The answer to the second question was bound up in the first: ‘Last Christmas’ used the trite and outdated ‘it was all a dream!’ narrative trick, leading viewers to think one thing until the very last moment, until it pulled a switch on them. Nice try, Moffat, but this particular trick may be so overdone that it’s impossible to try to resurrect it in a clever way, no matter how hard you try. While the episode borrowed from and made fun of an assortment of pop culture tropes and events (the Alien references flew fast and thick), perhaps to distract viewers and make fun of itself, it didn’t quite work. The same could be said, honestly, of the dynamic between Clara and the latest Doctor; the Impossible Girl and this Doctor have never seemed to quite gel, and while the series may have perhaps played this up to make the Christmas special’s ‘surprise’ turn more surprising, it really just came off as ham-fisted. We didn’t see two characters reunited for a bittersweet Christmas, but rather more of the uneasy and sometimes outright irritating interaction between the two.

Under Peter Capaldi’s Doctor, the classic show has taken an edgier, more thoughtful turn. It’s a direction the Doctor has been steadily trending in over recent years, but Capaldi represents the crystallisation of the Doctor’s more somber side; he’s short, he’s surly, he’s tormented by his past, he lashes out at the people around him. The programme in turn has furnished him with much moodier episodes, and he plays the role superbly well — he lacks the irreverence and whimsy of earlier Doctors, instead approaching the role from a meatier perspective. It’s an intriguing approach, but it comes with a dark side.

This very sardonic turn has been a frustrating aspect of the latest season, as the Doctor’s taken his issues out on Clara repeatedly. While some might describe the dynamic between the two characters as a lively back and forth, it seems less so to me; the Doctor repeatedly insults and belittles Clara, putting her down at every opportunity. One can see why she might have preferred to leave with Danny in ‘Death in Heaven,’ choosing the man she loves over the Doctor who sometimes seems barely able to conceal his contempt for her.

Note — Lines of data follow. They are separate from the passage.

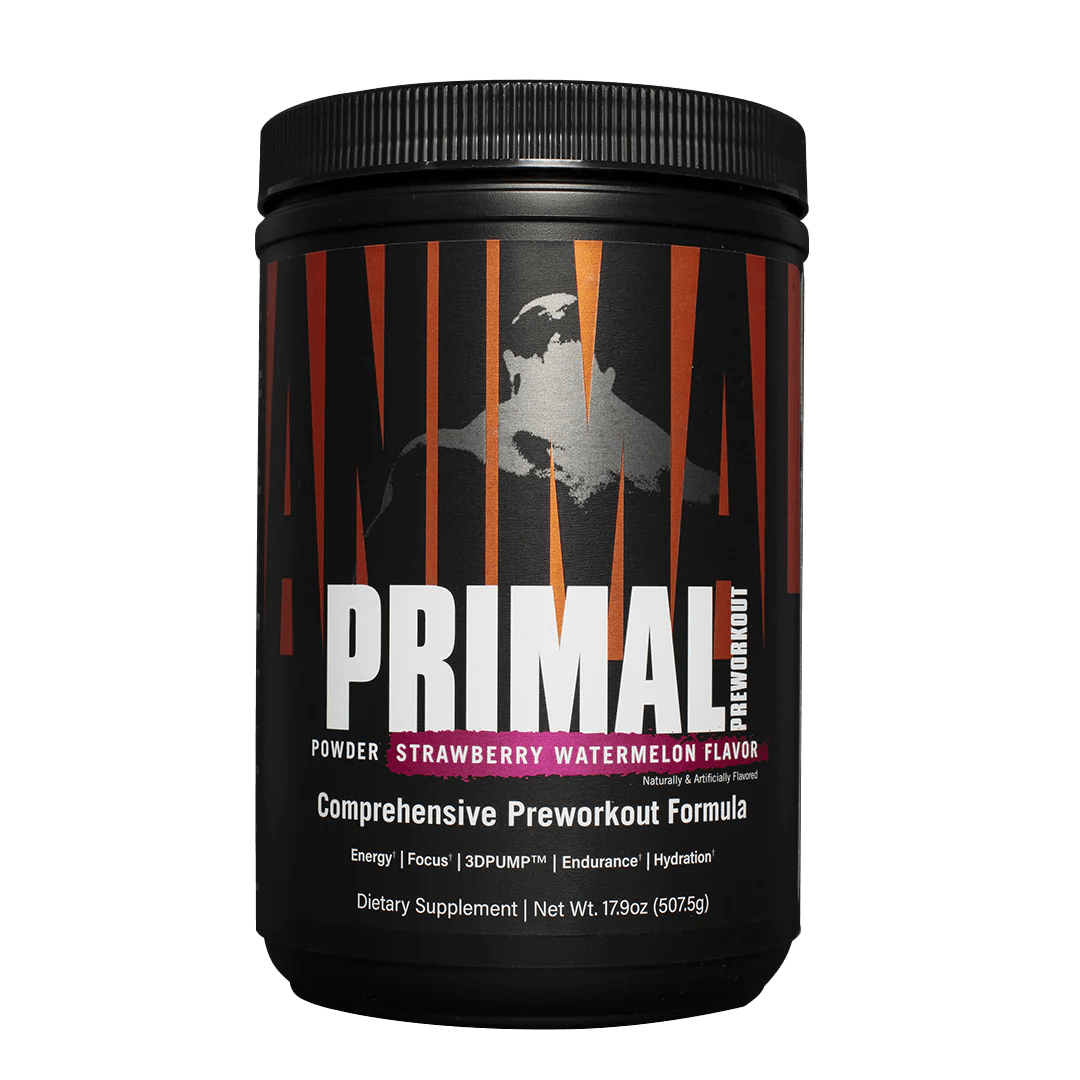 Universal Nutrition Animal Primal Preworkout 25 servings / Strawberry Watermelon Pre-Workout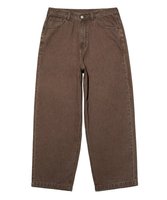 Fabricant de vêtements de ville de haute qualité OEM Pantalon ample baggy coloré en denim Pantalon salopette uni en jean pour femmes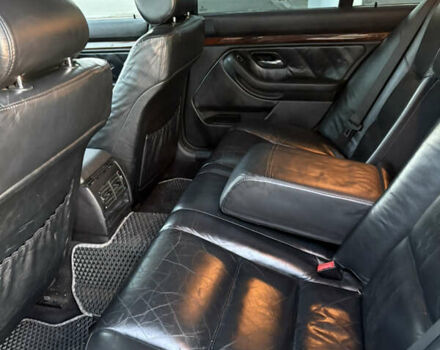 Синий БМВ 5 Серия, объемом двигателя 2.17 л и пробегом 364 тыс. км за 4250 $, фото 16 на Automoto.ua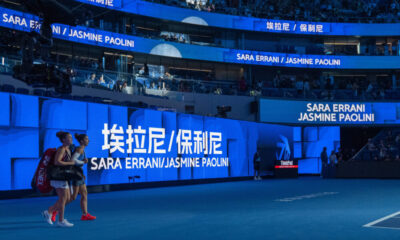 Sara Errani e Jasmine Paolini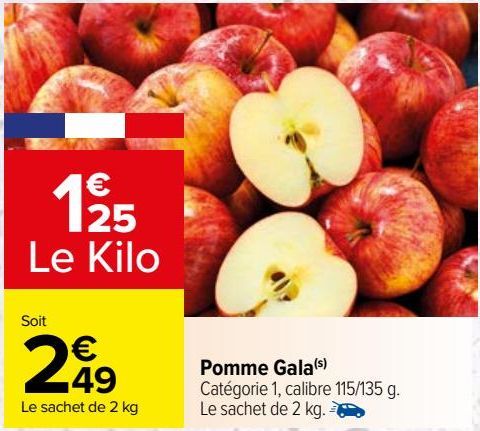 Pomme Gala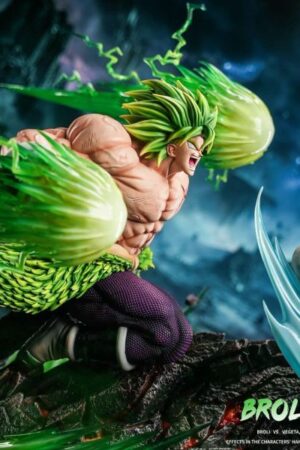 YiShou Dragon Ball Super Broly vs. Gogeta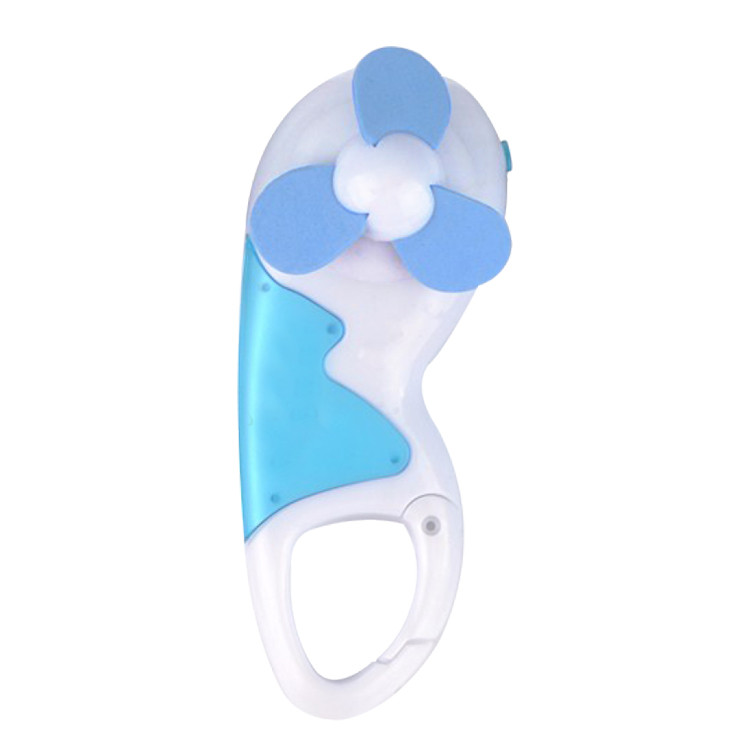 SUF1314 Plastic Electric Fan with Carabiner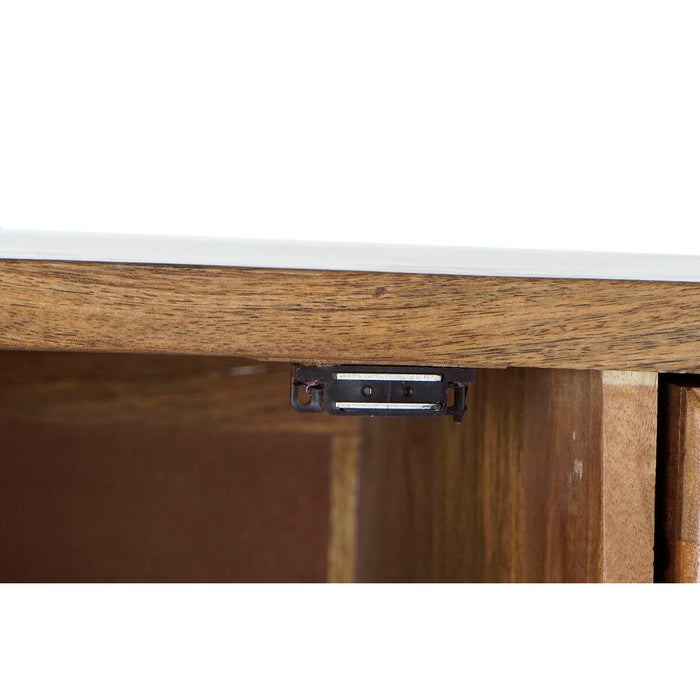 Servantă DKD Home Decor Natural Metal Lemn de mango (90 x 40 x 87 cm)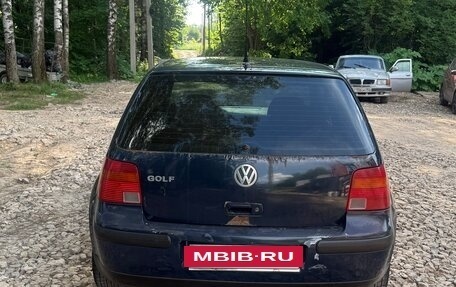 Volkswagen Golf IV, 1998 год, 90 000 рублей, 2 фотография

As we seem them join forces again, it’s time to ask a legitimate question: When will Clara start fighting back, establishing herself, and refusing to take the Doctor’s insults? Will Moffat allow her to be her own person, or is she destined to go the way of other companions, a second fiddle to the male main attraction who’s useful until her expiry date? Moffat’s long been criticised for his handling of female characters — and he clearly hasn’t learned much.